Short web captions:
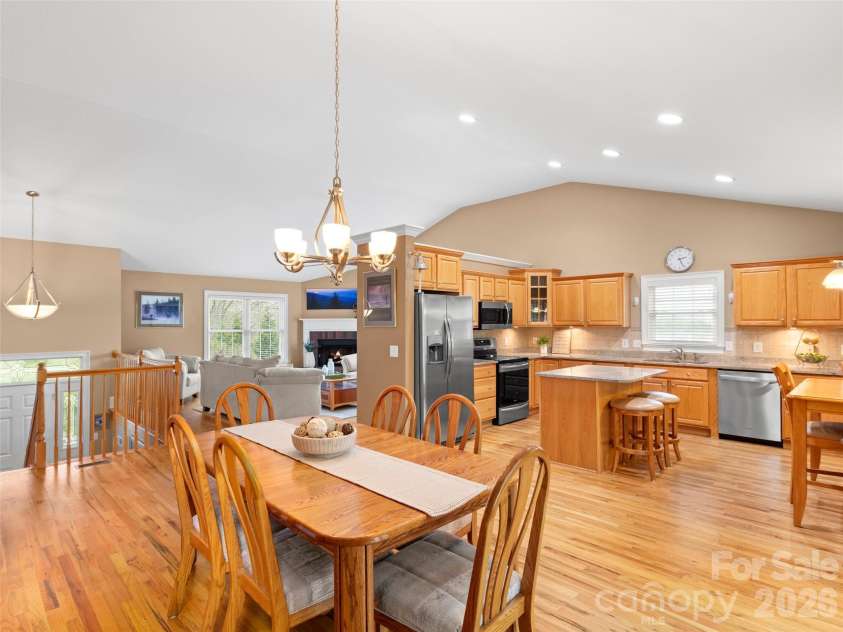 36 Ashley Woods Drive, Arden, NC 28704.  MLS# CAR4370247, YatesRealty ID 18598. 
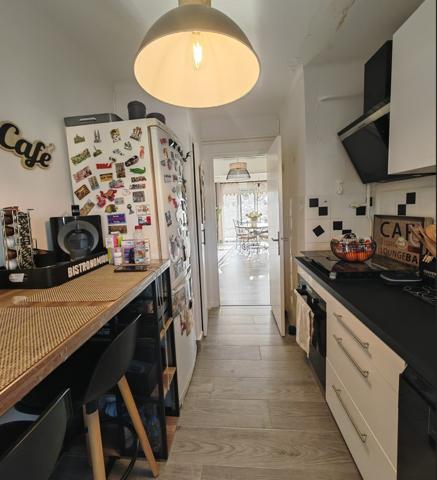 TOULON – Les Primeroses | T4 73 m² ENTIÈREMENT RÉNOVÉ | Cave | 2 Balcons | DPE C | 185 000 €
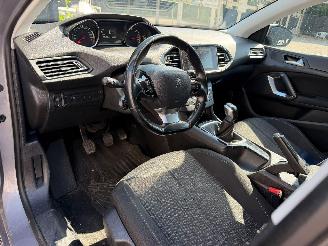 Peugeot 308 II ACTIVE picture 19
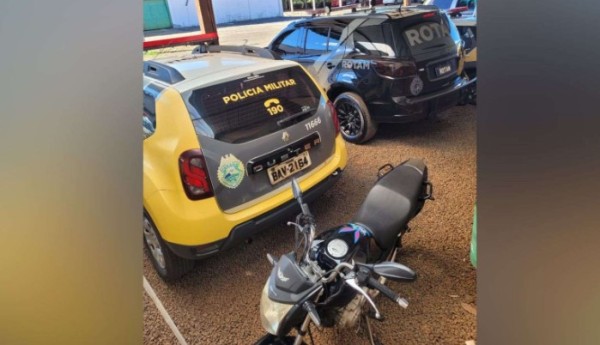 PMPR apreende motocicletas e detém condutor por desobediência e direção perigosa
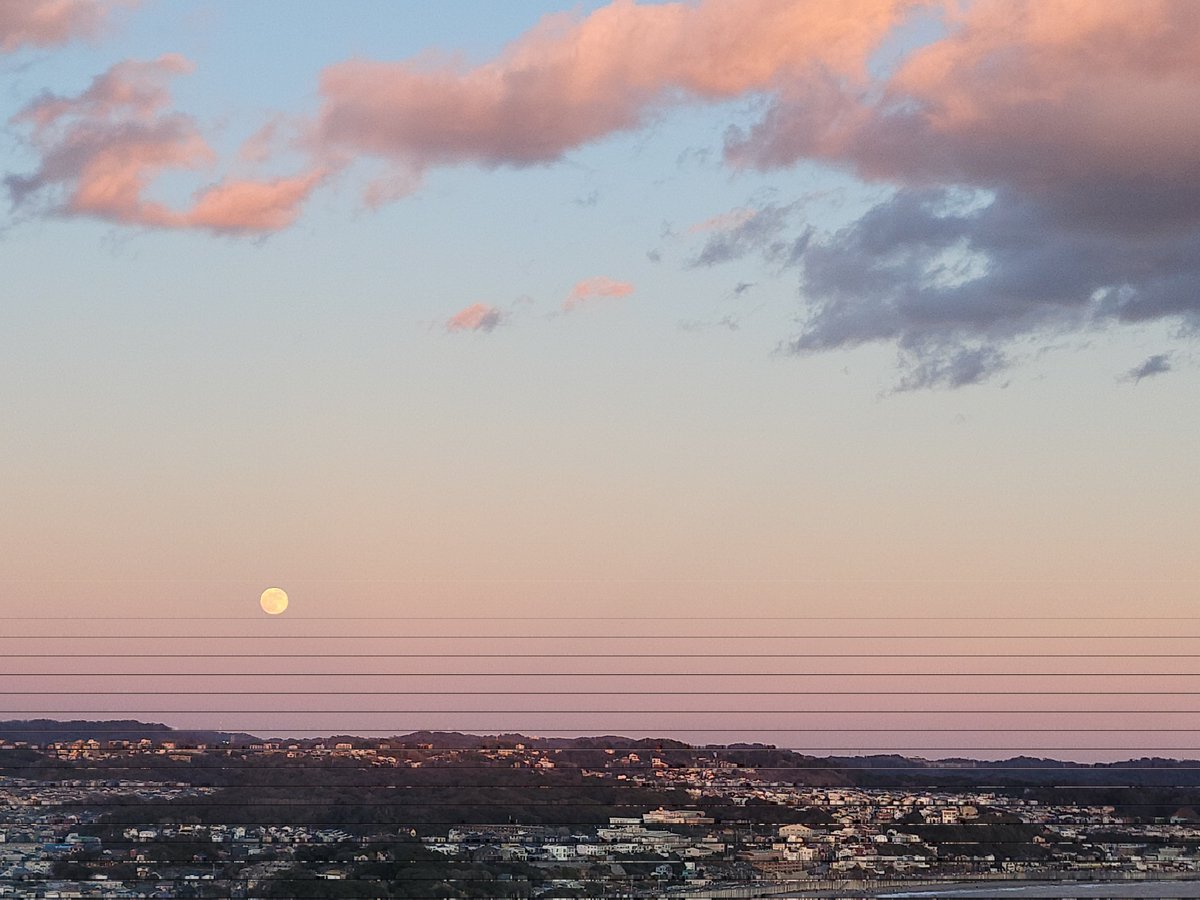 これは2026年1番最初に見た満月🌕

Directions for this task:
Every line above is to be given again exactly, apart from the pictures.

Response area:
 36 Ashley Woods Drive, Arden, NC 28704.  MLS# CAR4370247, YatesRealty ID 18598. 
 TOULON – Les Primeroses | T4 73 m² ENTIÈREMENT RÉNOVÉ | Cave | 2 Balcons | DPE C | 185 000 €
 Peugeot 308 II ACTIVE picture 19
 PMPR apreende motocicletas e detém condutor por desobediência e direção perigosa
 これは2026年1番最初に見た満月🌕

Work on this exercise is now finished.